🤖 AI Summary
This work addresses the challenge that conventional optimizers struggle to preserve the spectral properties of weight matrices during large language model training, often leading to instability or geometric distortion. To overcome this limitation, the authors propose Pion, a novel optimizer that, for the first time, incorporates left-right orthogonal equivalence transformations into the optimization process. By employing a non-additive update mechanism, Pion strictly preserves the singular values of weight matrices, thereby fixing their spectral norm and controlling their geometric structure. Theoretical analysis establishes the convergence of the proposed method. Empirical results demonstrate that Pion achieves stability and performance on par with or superior to mainstream optimizers in both pretraining and fine-tuning of large language models, marking a departure from traditional additive optimization paradigms.
📝 Abstract
We introduce Pion, a spectrum-preserving optimizer for large language model (LLM) training based on orthogonal equivalence transformation.
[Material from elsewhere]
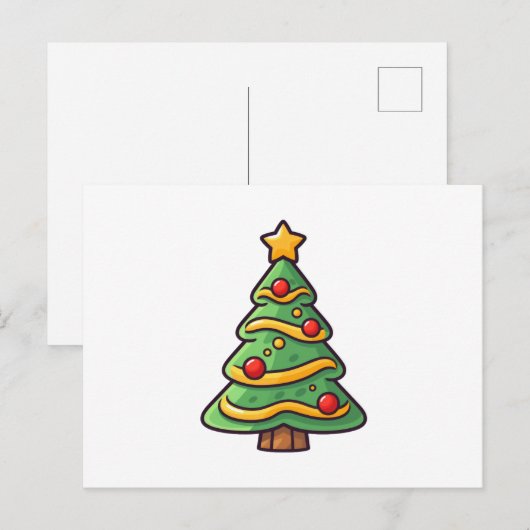 Schattigee kerstboom met Ornamenten Feestdagenkaart (Voorkant / Achterkant)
Unlike additive optimizers such as Adam and Muon, Pion updates each weight matrix through left and right orthogonal transformations, preserving its singular values throughout training. This yields an optimization mechanism that modulates the geometry of weight matrices while keeping their spectral norm fixed. We derive the Pion update rule, systematically examine its design choices, and analyze its convergence behavior along with several key properties. Empirical results show that Pion offers a stable and competitive alternative to standard optimizers for both LLM pretraining and finetuning.